Saturday, August 21, 2010

Ewan McIntosh

I was at a great course yesterday by Ewan McIntosh. Unfortunately I had to leave early to finish my last Learning Conference. Sorry about that Ewan. Fortunately my work mates were there and they told me about Ewan's challenge to us at the end of the course - To blog about something that will take up 100hrs of your time, apart from teaching.

Well that ones easy for me, I've just signed up for my first marathon (Auckland-31st October 2010). That's at the most 10 weeks away and doesn't give me a long time to train. Oh well better not to think too much about it and just get on with the training. Given I'll need to do a good 750k's training at an estimated 6 to 8 mins a k that's a good 100hrs on my feet. There done it.

But what's even harder for me is to start blogging again. Ironically by last blog was posted one year previously, on the exact date of my 1st half marathon (Huntley half- 23rd May 2010). Which means I haven't blogged for nearly 15 months. I suppose you could say I've got better things to do. Which brings me to my point, blogging takes time, a lot of time, especially if you're like me, hate writing and prefer to be doing. So what's the point and why do Educators insist students and their teachers blog.
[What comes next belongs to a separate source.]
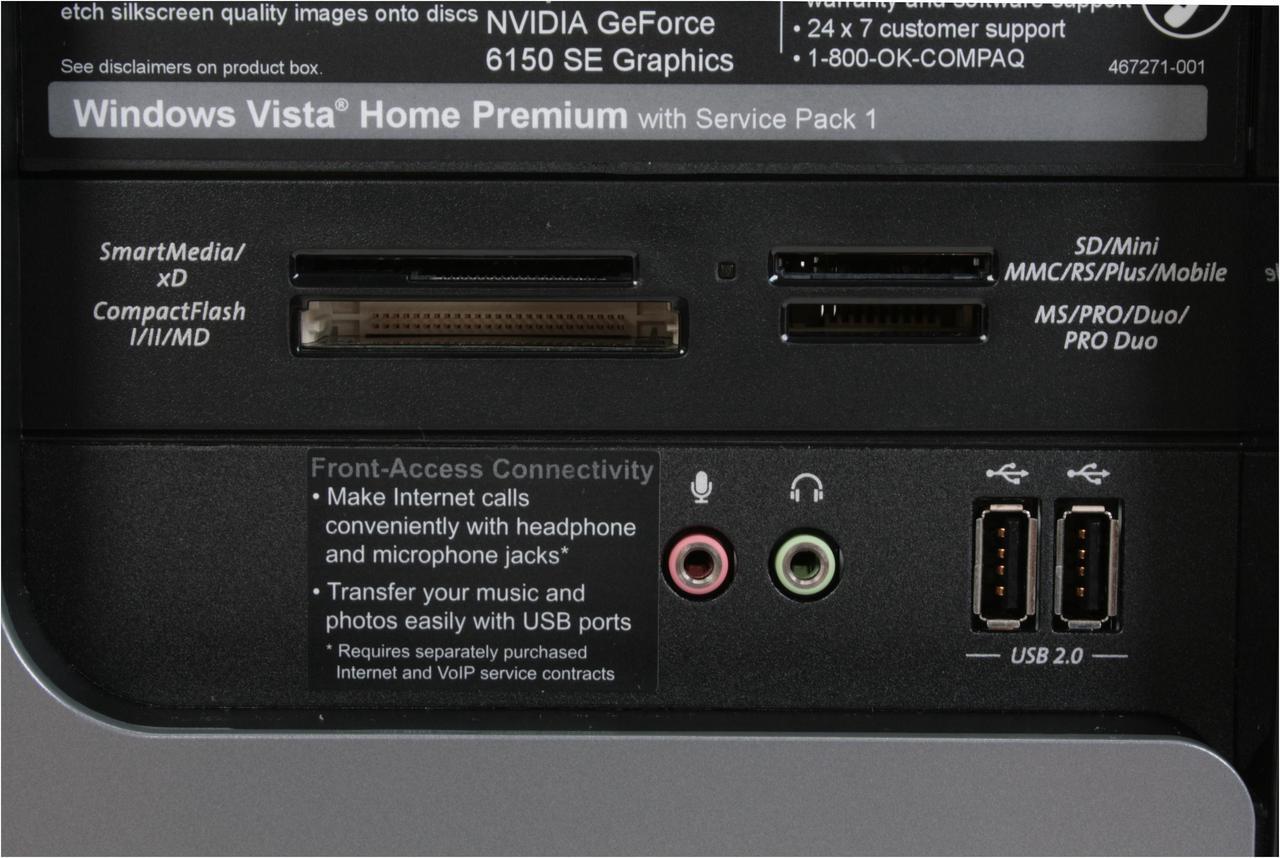 Alt view image 5 of 18 - COMPAQ Desktop PC Presario SR5550F(KQ514AA) 5400+ 3GB DDR2 500GB HDD NVIDIA GeForce 6150 SE Windows Vista Home Premium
The obvious benefits of reflecting on your own practice and learning goes without saying. But what's wrong with personal internal reflection? I know what you are saying, it's about sharing and I have lots to share but who want's to listen? that's what I need to know? because if no ones going to listen then why should I bother wasting my time?

4 comments:

Ewan McIntosh said...

If no-one's listening then there is little point in committing to paper, other than to remind oneself of what we have learned (could you peek back over the last 15 months and guarantee that there's no loose end of learning that you could build upon?).

That alone is valuable, but could be done on a moleskine, rather than publicly.

However, if we put in that small effort to leave comments on others' achievements and challenges, to help people online where we can, then we benefit from their insights, not just working in isolation. There's always that risk in that we don't know what we don't know. When we share, at least we know a little bit more than we were alone.

Christine McIntosh said...

How do you know no-one's interested? Unless, of course, you're not interested in others - in which case they won't know you exist. The more interested you are in others, the more interesting they will find you. I don't think that just applies to blogging - but writing a blog fair keeps your writing up to scratch!